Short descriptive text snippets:
☆ ☆ ☆ ☆ ☆ ☆ ☆
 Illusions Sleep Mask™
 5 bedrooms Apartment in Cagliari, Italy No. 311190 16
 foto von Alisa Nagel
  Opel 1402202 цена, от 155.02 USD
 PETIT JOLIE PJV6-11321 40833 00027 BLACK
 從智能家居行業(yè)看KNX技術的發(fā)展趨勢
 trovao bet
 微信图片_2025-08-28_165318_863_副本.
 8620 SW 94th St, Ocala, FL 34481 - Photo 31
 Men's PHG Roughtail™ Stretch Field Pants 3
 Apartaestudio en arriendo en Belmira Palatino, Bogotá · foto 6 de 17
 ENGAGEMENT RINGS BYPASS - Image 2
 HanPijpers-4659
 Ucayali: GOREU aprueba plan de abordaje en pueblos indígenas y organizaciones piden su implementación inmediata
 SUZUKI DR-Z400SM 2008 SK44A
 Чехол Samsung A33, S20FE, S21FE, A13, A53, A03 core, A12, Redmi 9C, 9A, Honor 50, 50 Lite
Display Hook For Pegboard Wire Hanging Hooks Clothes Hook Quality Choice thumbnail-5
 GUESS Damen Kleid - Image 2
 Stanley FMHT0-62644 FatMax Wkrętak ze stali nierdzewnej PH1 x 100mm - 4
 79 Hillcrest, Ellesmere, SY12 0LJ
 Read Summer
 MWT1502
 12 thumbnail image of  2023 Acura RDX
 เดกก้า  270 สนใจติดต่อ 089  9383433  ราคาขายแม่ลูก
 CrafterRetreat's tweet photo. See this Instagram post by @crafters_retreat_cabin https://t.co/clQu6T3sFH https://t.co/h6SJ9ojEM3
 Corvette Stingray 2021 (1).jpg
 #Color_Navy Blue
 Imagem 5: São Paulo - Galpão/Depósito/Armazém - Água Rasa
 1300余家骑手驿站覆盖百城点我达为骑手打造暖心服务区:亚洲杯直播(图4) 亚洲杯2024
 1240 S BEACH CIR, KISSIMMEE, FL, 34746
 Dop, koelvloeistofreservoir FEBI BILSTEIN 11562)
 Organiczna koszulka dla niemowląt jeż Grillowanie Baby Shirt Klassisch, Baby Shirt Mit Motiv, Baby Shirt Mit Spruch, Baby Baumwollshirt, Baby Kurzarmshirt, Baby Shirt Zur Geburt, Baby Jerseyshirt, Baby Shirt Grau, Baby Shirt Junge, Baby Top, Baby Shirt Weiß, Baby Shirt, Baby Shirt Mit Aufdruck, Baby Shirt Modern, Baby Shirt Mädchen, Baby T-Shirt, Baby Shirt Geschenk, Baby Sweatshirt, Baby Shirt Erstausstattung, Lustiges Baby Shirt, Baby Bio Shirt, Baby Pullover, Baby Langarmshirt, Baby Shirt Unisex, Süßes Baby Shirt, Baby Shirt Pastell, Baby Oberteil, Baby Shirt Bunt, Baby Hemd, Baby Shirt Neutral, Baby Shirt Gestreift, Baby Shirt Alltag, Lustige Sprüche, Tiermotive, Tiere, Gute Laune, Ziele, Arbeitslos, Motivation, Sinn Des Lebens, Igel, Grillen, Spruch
☆ ☆ ☆ ☆ ☆ ☆ ☆
▶ [What you are asked to do]: The entries above need to be transcribed with no differences at all.

▶ [Answer to this problem]:
 Illusions Sleep Mask™
 5 bedrooms Apartment in Cagliari, Italy No. 311190 16
 foto von Alisa Nagel
  Opel 1402202 цена, от 155.02 USD
 PETIT JOLIE PJV6-11321 40833 00027 BLACK
 從智能家居行業(yè)看KNX技術的發(fā)展趨勢
 trovao bet
 微信图片_2025-08-28_165318_863_副本.
 8620 SW 94th St, Ocala, FL 34481 - Photo 31
 Men's PHG Roughtail™ Stretch Field Pants 3
 Apartaestudio en arriendo en Belmira Palatino, Bogotá · foto 6 de 17
 ENGAGEMENT RINGS BYPASS - Image 2
 HanPijpers-4659
 Ucayali: GOREU aprueba plan de abordaje en pueblos indígenas y organizaciones piden su implementación inmediata
 SUZUKI DR-Z400SM 2008 SK44A
 Чехол Samsung A33, S20FE, S21FE, A13, A53, A03 core, A12, Redmi 9C, 9A, Honor 50, 50 Lite
Display Hook For Pegboard Wire Hanging Hooks Clothes Hook Quality Choice thumbnail-5
 GUESS Damen Kleid - Image 2
 Stanley FMHT0-62644 FatMax Wkrętak ze stali nierdzewnej PH1 x 100mm - 4
 79 Hillcrest, Ellesmere, SY12 0LJ
 Read Summer
 MWT1502
 12 thumbnail image of  2023 Acura RDX
 เดกก้า  270 สนใจติดต่อ 089  9383433  ราคาขายแม่ลูก
 CrafterRetreat's tweet photo. See this Instagram post by @crafters_retreat_cabin https://t.co/clQu6T3sFH https://t.co/h6SJ9ojEM3
 Corvette Stingray 2021 (1).jpg
 #Color_Navy Blue
 Imagem 5: São Paulo - Galpão/Depósito/Armazém - Água Rasa
 1300余家骑手驿站覆盖百城点我达为骑手打造暖心服务区:亚洲杯直播(图4) 亚洲杯2024
 1240 S BEACH CIR, KISSIMMEE, FL, 34746
 Dop, koelvloeistofreservoir FEBI BILSTEIN 11562)
 Organiczna koszulka dla niemowląt jeż Grillowanie Baby Shirt Klassisch, Baby Shirt Mit Motiv, Baby Shirt Mit Spruch, Baby Baumwollshirt, Baby Kurzarmshirt, Baby Shirt Zur Geburt, Baby Jerseyshirt, Baby Shirt Grau, Baby Shirt Junge, Baby Top, Baby Shirt Weiß, Baby Shirt, Baby Shirt Mit Aufdruck, Baby Shirt Modern, Baby Shirt Mädchen, Baby T-Shirt, Baby Shirt Geschenk, Baby Sweatshirt, Baby Shirt Erstausstattung, Lustiges Baby Shirt, Baby Bio Shirt, Baby Pullover, Baby Langarmshirt, Baby Shirt Unisex, Süßes Baby Shirt, Baby Shirt Pastell, Baby Oberteil, Baby Shirt Bunt, Baby Hemd, Baby Shirt Neutral, Baby Shirt Gestreift, Baby Shirt Alltag, Lustige Sprüche, Tiermotive, Tiere, Gute Laune, Ziele, Arbeitslos, Motivation, Sinn Des Lebens, Igel, Grillen, Spruch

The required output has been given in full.